▶ **WHAT YOU SHOULD DO**
In the records below, find the line with "Iyo Yekupedzisira Inotungamira" and the line with "Goodwear/グッドウェア　SS POCKET TEE 半袖ポケットT". Print both exactly, along with every line between them, and no other line.

Short text fragments from websites:
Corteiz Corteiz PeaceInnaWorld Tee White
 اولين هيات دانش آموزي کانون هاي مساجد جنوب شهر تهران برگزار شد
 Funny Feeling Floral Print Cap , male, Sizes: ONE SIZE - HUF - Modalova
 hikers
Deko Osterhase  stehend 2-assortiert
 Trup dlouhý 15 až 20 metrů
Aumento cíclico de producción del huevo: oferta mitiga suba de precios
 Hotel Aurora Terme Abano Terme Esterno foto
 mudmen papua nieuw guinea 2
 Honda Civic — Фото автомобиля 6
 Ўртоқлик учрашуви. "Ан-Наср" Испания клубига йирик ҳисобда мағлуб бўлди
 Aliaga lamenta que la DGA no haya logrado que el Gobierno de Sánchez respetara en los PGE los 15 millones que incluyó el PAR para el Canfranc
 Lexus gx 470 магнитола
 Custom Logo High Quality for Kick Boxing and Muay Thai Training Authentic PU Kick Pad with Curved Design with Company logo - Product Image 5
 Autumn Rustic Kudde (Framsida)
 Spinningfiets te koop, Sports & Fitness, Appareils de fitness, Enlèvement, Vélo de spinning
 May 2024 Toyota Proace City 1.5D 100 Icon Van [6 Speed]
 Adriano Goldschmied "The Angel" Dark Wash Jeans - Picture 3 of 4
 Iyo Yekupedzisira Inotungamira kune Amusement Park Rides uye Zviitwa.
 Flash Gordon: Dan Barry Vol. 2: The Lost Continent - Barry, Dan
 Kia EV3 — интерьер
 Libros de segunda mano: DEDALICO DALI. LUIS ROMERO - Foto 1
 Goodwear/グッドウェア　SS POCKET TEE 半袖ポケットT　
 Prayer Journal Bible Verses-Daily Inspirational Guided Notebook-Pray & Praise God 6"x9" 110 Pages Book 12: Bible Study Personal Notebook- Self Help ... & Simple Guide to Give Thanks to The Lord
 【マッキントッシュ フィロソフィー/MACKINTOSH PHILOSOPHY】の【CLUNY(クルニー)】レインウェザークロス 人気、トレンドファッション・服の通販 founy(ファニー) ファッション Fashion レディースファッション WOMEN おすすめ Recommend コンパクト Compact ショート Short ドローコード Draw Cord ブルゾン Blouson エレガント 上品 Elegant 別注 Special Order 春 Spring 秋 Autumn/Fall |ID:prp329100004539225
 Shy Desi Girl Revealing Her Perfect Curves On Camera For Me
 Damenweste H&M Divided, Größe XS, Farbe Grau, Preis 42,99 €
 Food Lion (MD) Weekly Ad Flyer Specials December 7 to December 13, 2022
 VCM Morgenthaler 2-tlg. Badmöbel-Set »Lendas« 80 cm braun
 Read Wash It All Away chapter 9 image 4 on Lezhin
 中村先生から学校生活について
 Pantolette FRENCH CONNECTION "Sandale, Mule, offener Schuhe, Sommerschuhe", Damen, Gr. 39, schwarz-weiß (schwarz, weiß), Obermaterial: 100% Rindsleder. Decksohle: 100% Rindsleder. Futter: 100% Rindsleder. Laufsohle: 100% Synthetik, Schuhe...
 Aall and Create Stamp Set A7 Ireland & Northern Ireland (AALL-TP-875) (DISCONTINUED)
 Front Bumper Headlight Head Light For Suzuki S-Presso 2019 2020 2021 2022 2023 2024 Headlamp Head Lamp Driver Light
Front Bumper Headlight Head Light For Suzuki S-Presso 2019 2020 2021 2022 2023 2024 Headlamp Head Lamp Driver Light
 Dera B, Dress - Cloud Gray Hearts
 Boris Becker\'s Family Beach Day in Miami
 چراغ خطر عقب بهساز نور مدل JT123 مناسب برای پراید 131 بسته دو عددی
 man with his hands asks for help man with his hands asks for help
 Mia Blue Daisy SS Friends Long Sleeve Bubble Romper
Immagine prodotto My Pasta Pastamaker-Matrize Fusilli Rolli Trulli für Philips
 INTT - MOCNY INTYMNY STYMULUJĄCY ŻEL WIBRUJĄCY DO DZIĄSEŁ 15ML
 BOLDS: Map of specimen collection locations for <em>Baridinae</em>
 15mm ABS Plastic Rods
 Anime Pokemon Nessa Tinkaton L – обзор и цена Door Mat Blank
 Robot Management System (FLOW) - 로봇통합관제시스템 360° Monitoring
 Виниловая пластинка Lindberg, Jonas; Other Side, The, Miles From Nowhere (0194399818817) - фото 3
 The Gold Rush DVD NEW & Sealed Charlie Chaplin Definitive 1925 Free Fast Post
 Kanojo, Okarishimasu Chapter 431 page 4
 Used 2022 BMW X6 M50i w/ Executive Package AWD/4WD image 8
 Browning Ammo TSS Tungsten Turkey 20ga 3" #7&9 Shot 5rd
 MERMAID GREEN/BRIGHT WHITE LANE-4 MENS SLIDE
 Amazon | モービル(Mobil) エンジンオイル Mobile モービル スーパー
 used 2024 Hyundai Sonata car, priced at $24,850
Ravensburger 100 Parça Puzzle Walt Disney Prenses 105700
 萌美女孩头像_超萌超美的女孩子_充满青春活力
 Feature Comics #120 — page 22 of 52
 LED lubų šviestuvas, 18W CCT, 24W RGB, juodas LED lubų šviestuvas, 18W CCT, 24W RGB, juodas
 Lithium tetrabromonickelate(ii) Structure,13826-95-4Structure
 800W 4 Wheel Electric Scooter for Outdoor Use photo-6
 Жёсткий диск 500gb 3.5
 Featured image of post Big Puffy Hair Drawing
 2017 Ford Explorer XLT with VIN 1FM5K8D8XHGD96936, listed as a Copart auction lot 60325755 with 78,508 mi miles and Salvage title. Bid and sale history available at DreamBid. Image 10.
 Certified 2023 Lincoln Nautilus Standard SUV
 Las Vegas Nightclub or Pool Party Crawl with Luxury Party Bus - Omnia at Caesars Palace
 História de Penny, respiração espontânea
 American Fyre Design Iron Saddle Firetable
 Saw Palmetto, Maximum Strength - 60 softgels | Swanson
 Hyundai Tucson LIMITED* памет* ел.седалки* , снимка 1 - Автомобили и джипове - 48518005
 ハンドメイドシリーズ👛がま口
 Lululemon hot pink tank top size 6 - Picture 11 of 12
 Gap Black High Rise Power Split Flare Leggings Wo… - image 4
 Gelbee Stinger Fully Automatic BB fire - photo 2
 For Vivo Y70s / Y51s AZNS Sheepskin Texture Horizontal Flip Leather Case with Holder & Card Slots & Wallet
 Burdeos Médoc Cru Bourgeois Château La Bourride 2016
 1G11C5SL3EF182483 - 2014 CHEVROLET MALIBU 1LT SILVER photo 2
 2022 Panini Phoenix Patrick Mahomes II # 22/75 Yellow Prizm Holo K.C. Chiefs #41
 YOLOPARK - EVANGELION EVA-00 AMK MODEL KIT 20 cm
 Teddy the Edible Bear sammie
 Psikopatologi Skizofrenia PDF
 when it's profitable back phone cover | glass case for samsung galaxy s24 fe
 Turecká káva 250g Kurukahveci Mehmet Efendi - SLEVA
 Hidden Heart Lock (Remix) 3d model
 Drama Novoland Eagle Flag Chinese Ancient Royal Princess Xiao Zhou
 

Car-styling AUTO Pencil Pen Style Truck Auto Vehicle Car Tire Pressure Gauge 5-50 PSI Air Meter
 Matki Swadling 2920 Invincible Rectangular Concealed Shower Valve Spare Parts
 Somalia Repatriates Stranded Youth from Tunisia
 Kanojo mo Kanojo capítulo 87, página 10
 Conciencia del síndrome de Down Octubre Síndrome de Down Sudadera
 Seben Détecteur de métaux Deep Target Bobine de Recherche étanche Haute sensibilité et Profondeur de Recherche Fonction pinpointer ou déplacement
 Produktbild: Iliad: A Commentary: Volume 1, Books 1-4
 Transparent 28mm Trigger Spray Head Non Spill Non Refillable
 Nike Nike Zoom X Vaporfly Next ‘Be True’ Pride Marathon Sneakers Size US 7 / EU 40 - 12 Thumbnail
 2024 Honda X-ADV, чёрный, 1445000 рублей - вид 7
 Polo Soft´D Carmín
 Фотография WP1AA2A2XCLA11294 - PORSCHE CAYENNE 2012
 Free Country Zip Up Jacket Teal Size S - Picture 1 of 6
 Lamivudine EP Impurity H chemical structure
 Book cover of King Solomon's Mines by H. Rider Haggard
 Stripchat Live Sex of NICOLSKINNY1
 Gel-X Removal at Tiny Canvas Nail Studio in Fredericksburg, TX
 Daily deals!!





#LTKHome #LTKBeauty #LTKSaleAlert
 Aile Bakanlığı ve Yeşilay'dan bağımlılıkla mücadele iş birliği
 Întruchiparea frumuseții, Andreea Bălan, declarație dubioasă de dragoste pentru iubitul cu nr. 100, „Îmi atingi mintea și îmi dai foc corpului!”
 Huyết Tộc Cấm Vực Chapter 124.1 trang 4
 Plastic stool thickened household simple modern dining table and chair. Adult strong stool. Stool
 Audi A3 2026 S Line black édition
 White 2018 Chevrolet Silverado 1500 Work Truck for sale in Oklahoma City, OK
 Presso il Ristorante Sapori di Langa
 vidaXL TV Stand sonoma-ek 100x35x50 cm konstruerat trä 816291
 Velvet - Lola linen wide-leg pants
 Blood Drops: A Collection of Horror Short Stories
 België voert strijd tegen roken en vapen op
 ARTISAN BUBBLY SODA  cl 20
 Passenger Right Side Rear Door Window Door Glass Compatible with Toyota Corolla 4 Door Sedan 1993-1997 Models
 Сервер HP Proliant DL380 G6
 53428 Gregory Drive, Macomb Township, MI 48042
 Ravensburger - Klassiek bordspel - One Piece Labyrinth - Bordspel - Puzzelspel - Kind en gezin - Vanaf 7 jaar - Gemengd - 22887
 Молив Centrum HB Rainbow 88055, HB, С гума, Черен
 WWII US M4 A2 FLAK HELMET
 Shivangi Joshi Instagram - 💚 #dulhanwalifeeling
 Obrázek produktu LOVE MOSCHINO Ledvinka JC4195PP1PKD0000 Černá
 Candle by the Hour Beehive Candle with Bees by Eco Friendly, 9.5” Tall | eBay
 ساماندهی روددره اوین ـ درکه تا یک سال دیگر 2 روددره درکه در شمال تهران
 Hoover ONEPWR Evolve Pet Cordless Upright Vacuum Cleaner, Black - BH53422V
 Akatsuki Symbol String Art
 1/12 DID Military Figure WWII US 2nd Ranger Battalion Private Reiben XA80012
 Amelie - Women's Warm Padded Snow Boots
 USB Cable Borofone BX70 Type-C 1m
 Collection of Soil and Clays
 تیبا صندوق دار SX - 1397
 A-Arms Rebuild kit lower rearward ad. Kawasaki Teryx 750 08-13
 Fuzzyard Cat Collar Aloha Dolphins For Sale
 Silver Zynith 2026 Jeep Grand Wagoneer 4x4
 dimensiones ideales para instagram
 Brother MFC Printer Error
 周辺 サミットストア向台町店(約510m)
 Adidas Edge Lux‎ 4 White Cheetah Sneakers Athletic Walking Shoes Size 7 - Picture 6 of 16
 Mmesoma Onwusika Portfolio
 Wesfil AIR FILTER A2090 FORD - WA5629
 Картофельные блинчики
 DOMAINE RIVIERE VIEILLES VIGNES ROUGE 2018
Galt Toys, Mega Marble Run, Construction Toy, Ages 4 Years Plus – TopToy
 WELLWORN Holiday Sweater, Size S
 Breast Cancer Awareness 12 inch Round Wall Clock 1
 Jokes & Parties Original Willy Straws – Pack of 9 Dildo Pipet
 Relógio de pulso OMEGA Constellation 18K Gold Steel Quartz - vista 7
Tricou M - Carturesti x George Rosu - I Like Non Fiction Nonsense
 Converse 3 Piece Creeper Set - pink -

▶ **THE ANSWER**
 Iyo Yekupedzisira Inotungamira kune Amusement Park Rides uye Zviitwa.
 Flash Gordon: Dan Barry Vol. 2: The Lost Continent - Barry, Dan
 Kia EV3 — интерьер
 Libros de segunda mano: DEDALICO DALI. LUIS ROMERO - Foto 1
 Goodwear/グッドウェア　SS POCKET TEE 半袖ポケットT　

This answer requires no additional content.